The syntax/wording for this is going to come directly from the `sklearn` documentation.
- [Scikit Learn Decision Tree documentation](https://scikit-learn.org/stable/modules/generated/sklearn.tree.DecisionTreeClassifier.html)

The name of the model will change based on whether you are doing a __classification__ or __regression__.
- generally in the name:
    - `tree.DecicionTreeClassifier()`
    - `tree.DecisionTreeRegressor()`

In [None]:
#3. Create classifier/regressor object (change these parameters for In-Class Exercise #1)
dt = tree.DecisionTreeClassifier(random_state=2)

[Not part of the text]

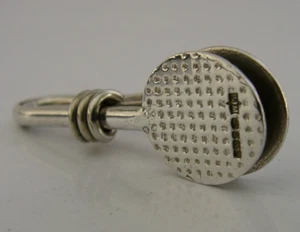ENGLISH SOLID STERLING SILVER GOLF BALL STYLE NAPKIN CLIP HOLDER 2004 BOXED - Picture 1 of 7
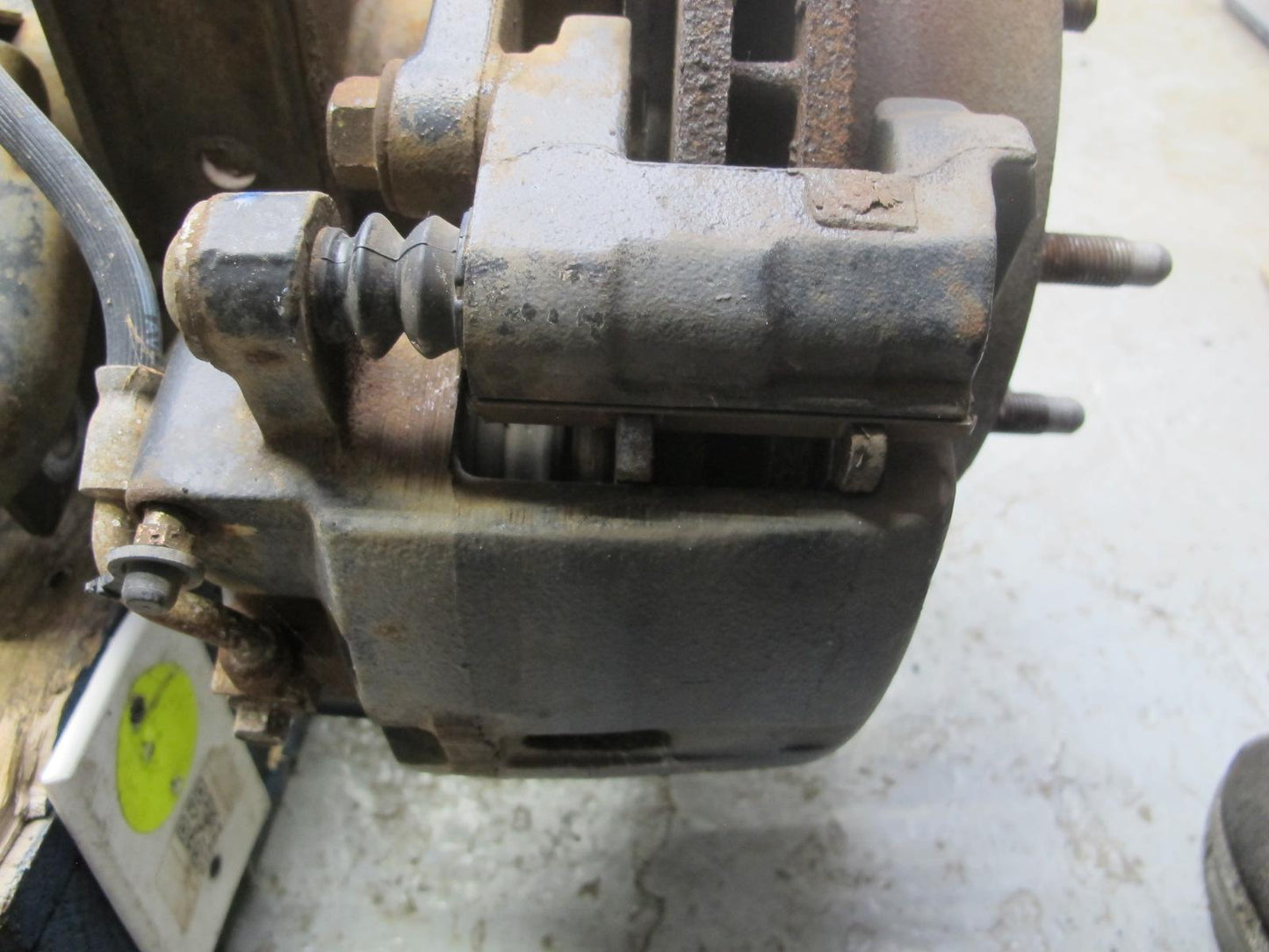 2003-2005 Hummer H2 AWD 6.0 Rear Axle Differential W/ Caliper & Axle Shafts 4.10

## Step 4: Call `fit()` to train the model

Each machine learning model has a training process associated with it. Scikit learn makes it easy to train whatever model you choose by simply calling `fit()` on that model.

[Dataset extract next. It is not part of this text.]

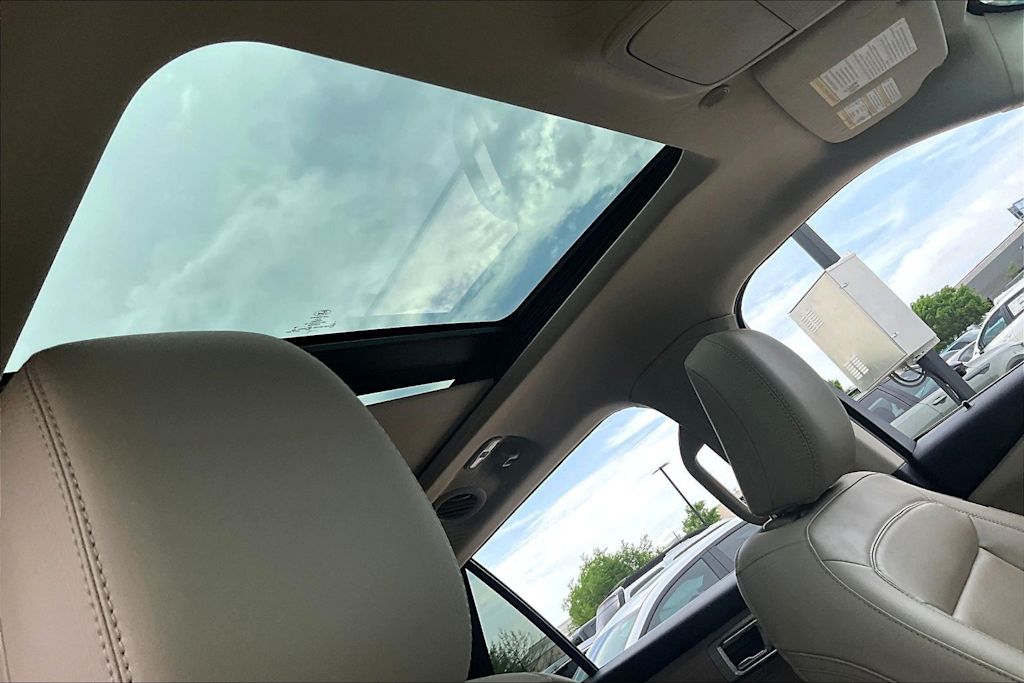 Thumbnail: 2022 Ford Explorer - 20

We generally pass two things into `fit()`:
- `train_data`: the predictor variables we want to train our model on
- `train_sln`: the labels for each training examples


In [None]:
#4. Call fit (to train the classification/regression model)
dt.fit(train_data, train_sln)

## Step 5: Call `predict()` to get predictions

After our model is trained, it's time to run our testing data through our model and see what the model predicts.

Scikit learn lets us do this in one line:
- we're saving what the function is returning as `predictions`
- passing in `test_data`, which is the data without labels that was not included in training\

In [None]:
#5. Call predict to generate predictions
predictions = dt.predict(test_data)

# Step 6: Evaluate the Model

Now that we have some predictions, we need to check to see how close we were by passing our predictions and the actual correct answers into a metric function.

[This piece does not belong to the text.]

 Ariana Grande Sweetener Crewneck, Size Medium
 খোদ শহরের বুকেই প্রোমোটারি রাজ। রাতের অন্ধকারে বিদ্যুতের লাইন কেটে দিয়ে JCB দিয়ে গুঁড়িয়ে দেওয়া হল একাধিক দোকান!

| **Type of ML** | **Metric**                | **Description**                                                                                       | Scikit Learn                                                                                                                                                            |
|----------------|---------------------------|:-------------------------------------------------------------------------------------------------------|:-------------------------------------------------------------------------------------------------------------------------------------------------------------------------|
| Classification | Accuracy                  | Number correct examples divided by total number                                                       | [`sklearn.metrics.accuracy_score`](https://scikit-learn.org/stable/modules/generated/sklearn.metrics.accuracy_score.html)                                               |
| Classification | Confusion Matrix          | Detailed table of where our model got confused.                                                       | [`sklearn.metrics.confusion_matrix`](https://scikit-learn.org/stable/modules/generated/sklearn.metrics.confusion_matrix.html#sklearn.metrics.confusion_matrix)          |
| Regression     | Mean Absolute Error (MAE) | The average absolute distance from the target variable                                                | [`sklearn.metrics.mean_absolute_error`](https://scikit-learn.org/stable/modules/generated/sklearn.metrics.mean_absolute_error.html#sklearn.metrics.mean_absolute_error) |
| Regression     | Mean Squared Error (MSE)  | The average squared distance from the target variable                                                 | [`sklearn.metrics.mean_squared_error`](https://scikit-learn.org/stable/modules/generated/sklearn.metrics.mean_squared_error.html#sklearn.metrics.mean_squared_error)    |
| Regression     | $R^2$                     | 1: perfectly fit data 0: same performance as guessing the mean of the target variable| [`sklearn.metrics.r2_score`](https://scikit-learn.org/stable/modules/generated/sklearn.metrics.r2_score.html#sklearn.metrics.r2_score)                                  |

Available metrics can be found in the sklearn documentation [[sklearn metrics]](https://scikit-learn.org/stable/modules/classes.html#module-sklearn.metrics)

In [None]:
from sklearn import metrics

#6. call a metric function to evaluate the model
print("Accuracy:", metrics.accuracy_score(test_sln, predictions))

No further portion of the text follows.